Provider Configurations
import { InjectionToken, inject } from '@angular/core';
import { environment } from '@env/environment';
// ── InjectionToken — for non-class dependencies ───────────────────────────
export const API_BASE_URL = new InjectionToken<string>('API_BASE_URL');
export const APP_CONFIG = new InjectionToken<AppConfig>('APP_CONFIG');
export interface AppConfig {
maxPageSize: number;
defaultPageSize: number;
featureFlags: { signalR: boolean; darkMode: boolean };
}
// ── app.config.ts — configure providers ───────────────────────────────────
export const appConfig: ApplicationConfig = {
providers: [
provideRouter(routes),
provideHttpClient(withInterceptors([authInterceptor])),
// ── useValue — inject a constant ──────────────────────────────────────
{ provide: API_BASE_URL, useValue: environment.apiBaseUrl },
// ── useValue — inject a config object ─────────────────────────────────
{
provide: APP_CONFIG,
useValue: { maxPageSize: 100, defaultPageSize: 10,
featureFlags: { signalR: true, darkMode: false } } as AppConfig,
},
// ── useClass — swap implementation (environment-based) ─────────────────
environment.production
? { provide: PostsService, useClass: ProductionPostsService }
: { provide: PostsService, useClass: MockPostsService },
// ── useFactory — service needing runtime construction ─────────────────
{
provide: LoggingService,
useFactory: () => {
const config = inject(APP_CONFIG);
return new LoggingService(config.featureFlags.signalR ? 'verbose' : 'warn');
},
},
// ── useExisting — alias one token to another ──────────────────────────
// Both AuthService and IAuthService token resolve to the same instance
{ provide: IAuthService, useExisting: AuthService },
],
};
// ── Injecting tokens in services/components ───────────────────────────────
@Injectable({ providedIn: 'root' })
export class PostsService {
private baseUrl = inject(API_BASE_URL); // inject the token
private config = inject(APP_CONFIG); // inject the config object
private http = inject(HttpClient);
getPublished(page = 1) {
const size = this.config.defaultPageSize;
return this.http.get<PagedResult<PostSummaryDto>>(
`${this.baseUrl}/api/posts?page=${page}&size=${size}`
);
}
}
// ── Route-level providers — scoped to a route subtree ─────────────────────
// app.routes.ts
export const routes: Routes = [
{
path: 'admin',
providers: [
// AdminService only exists in the admin subtree
{ provide: AdminService, useClass: AdminService },
],
loadComponent: () => import('./admin/admin.component').then(m => m.AdminComponent),
},
];
InjectionToken is the correct way to provide non-class values (strings, numbers, objects, interfaces) to Angular’s DI system. A plain string token (provide: 'apiUrl') works but is error-prone — a typo in the string name silently fails to inject the value. InjectionToken is type-safe and IDE-friendly: const API_URL = new InjectionToken<string>('API_URL') gives you a typed, referenceable token. Use InjectionToken for all non-class provider keys.useClass always creates a new instance of the specified class — it does not reuse an existing instance. If MockPostsService is already provided elsewhere, { provide: PostsService, useClass: MockPostsService } creates a separate instance. To reuse an existing instance, use useExisting instead: { provide: PostsService, useExisting: MockPostsService }. The difference matters when the class has stateful signals or cached data that should be shared.Common Mistakes
Mistake 1 — Using string literals as provider tokens (typo-prone, no type safety)

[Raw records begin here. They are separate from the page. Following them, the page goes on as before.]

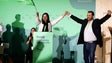 Imagem de «Inês Sousa Real não gosta das autonomias» (áudio)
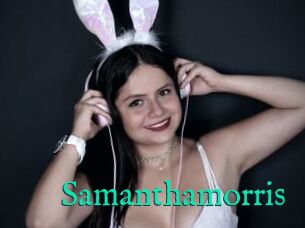 Samanthamorris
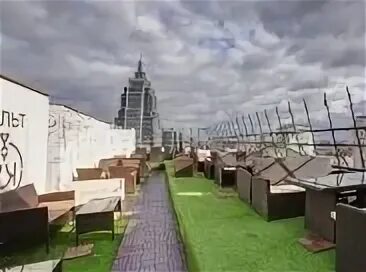 Культ маяковская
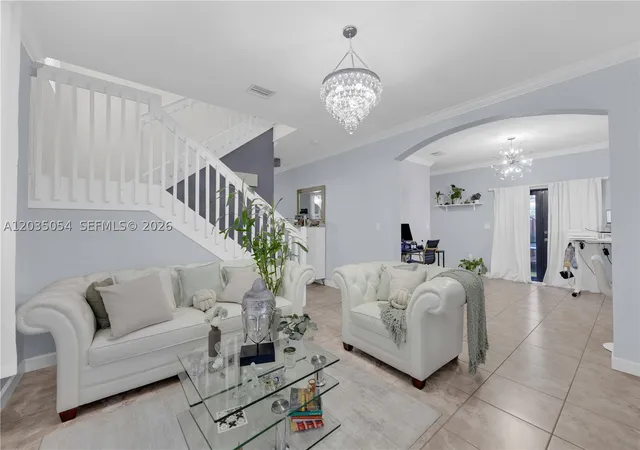 Photo 3 of Single family home for sale at 13384 Sw 268th Ter, Homestead, FL 33032 | MLS# A12035054 | Listing updated on 2026-10-01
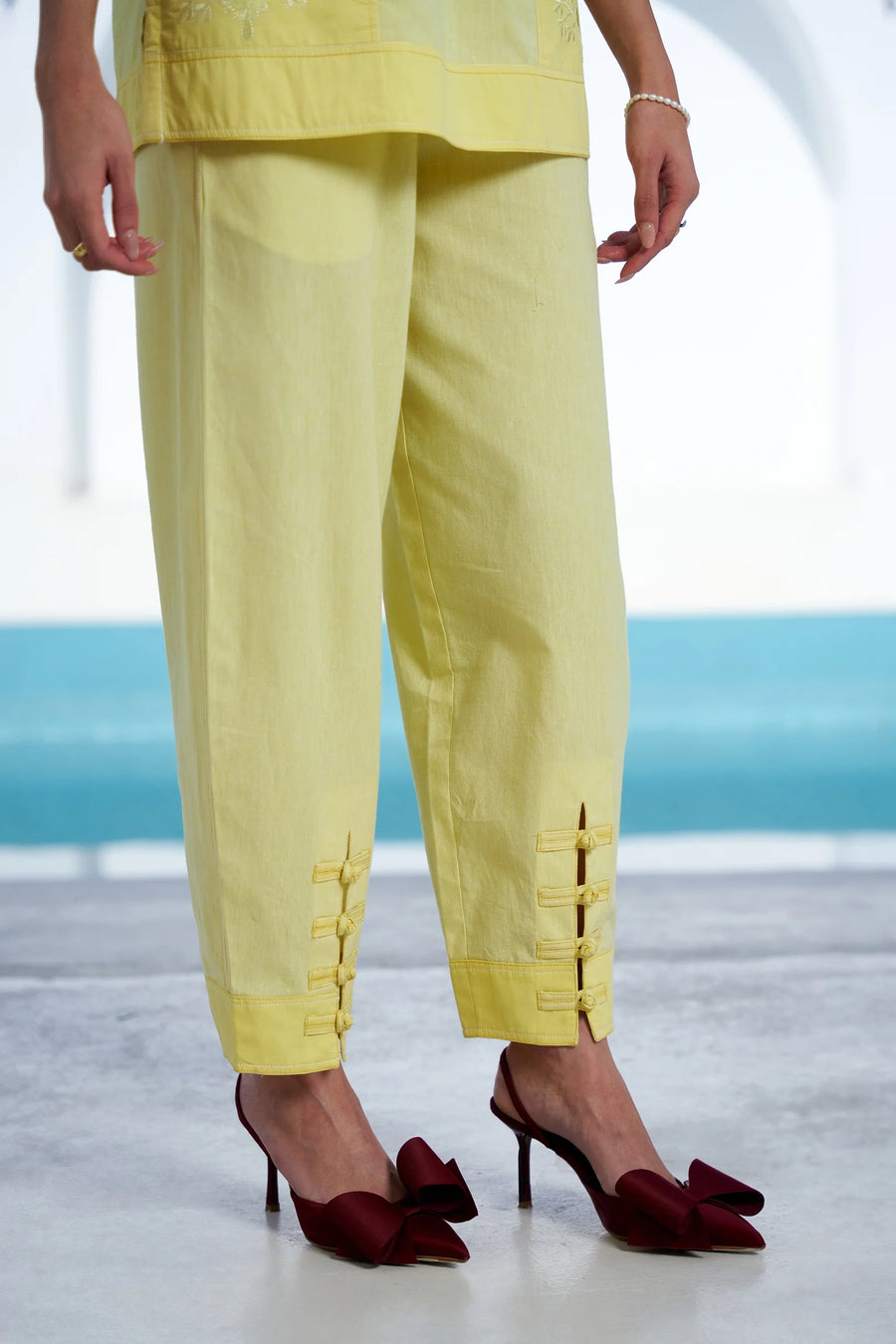 Meadow Pant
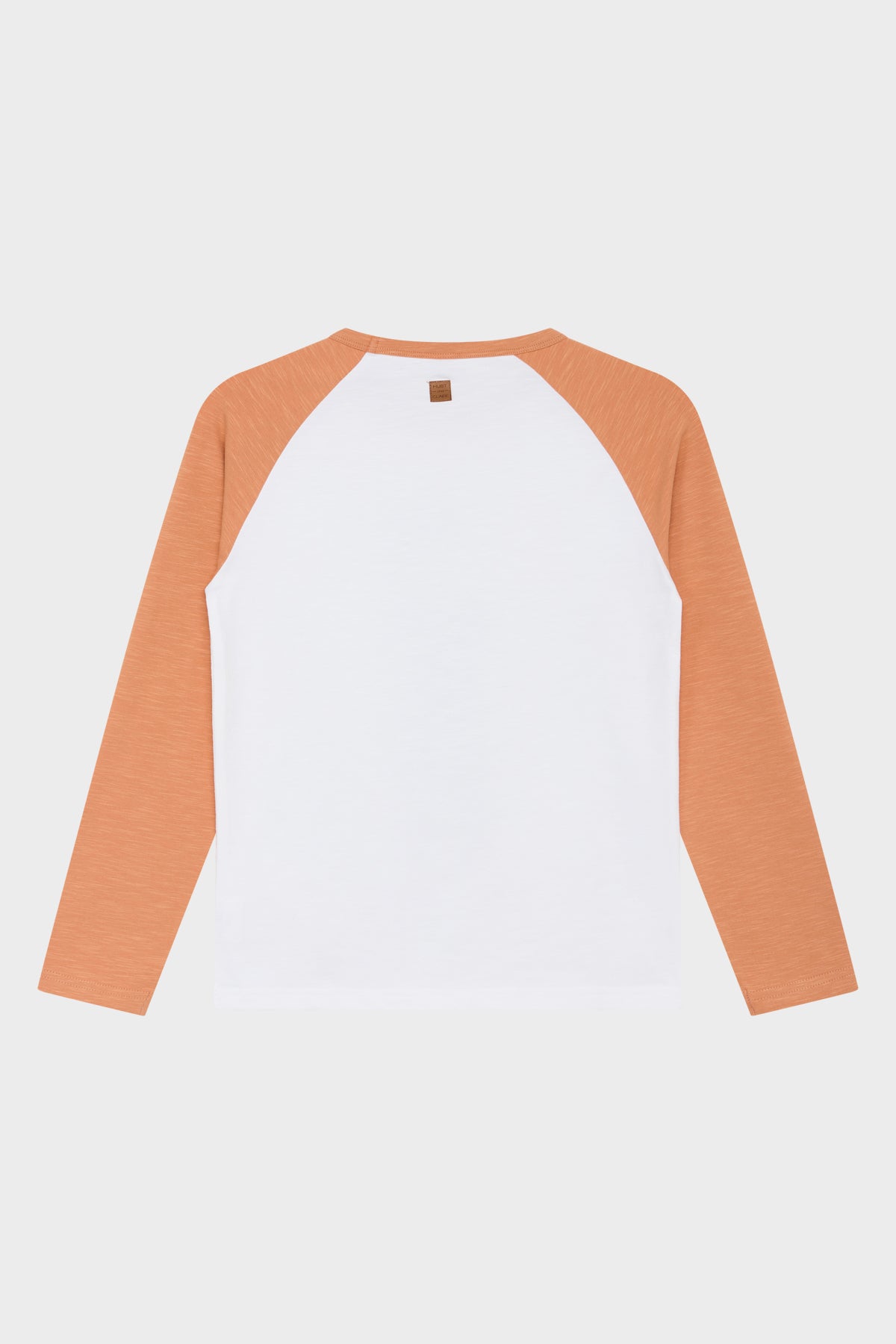 T-shirt lange mouwen Hust&Claire - HC Albinus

❌ Wrong — { provide: 'apiUrl', useValue: environment.apiBaseUrl }; string mismatch is silently null.
✅ Correct — export const API_BASE_URL = new InjectionToken<string>('API_BASE_URL'); typed and refactorable.
Mistake 2 — useClass when you need useExisting (creates duplicate instance)
❌ Wrong — { provide: ILogger, useClass: ConsoleLogger } creates a second ConsoleLogger instance.
✅ Correct — { provide: ILogger, useExisting: ConsoleLogger } aliases to the already-registered instance.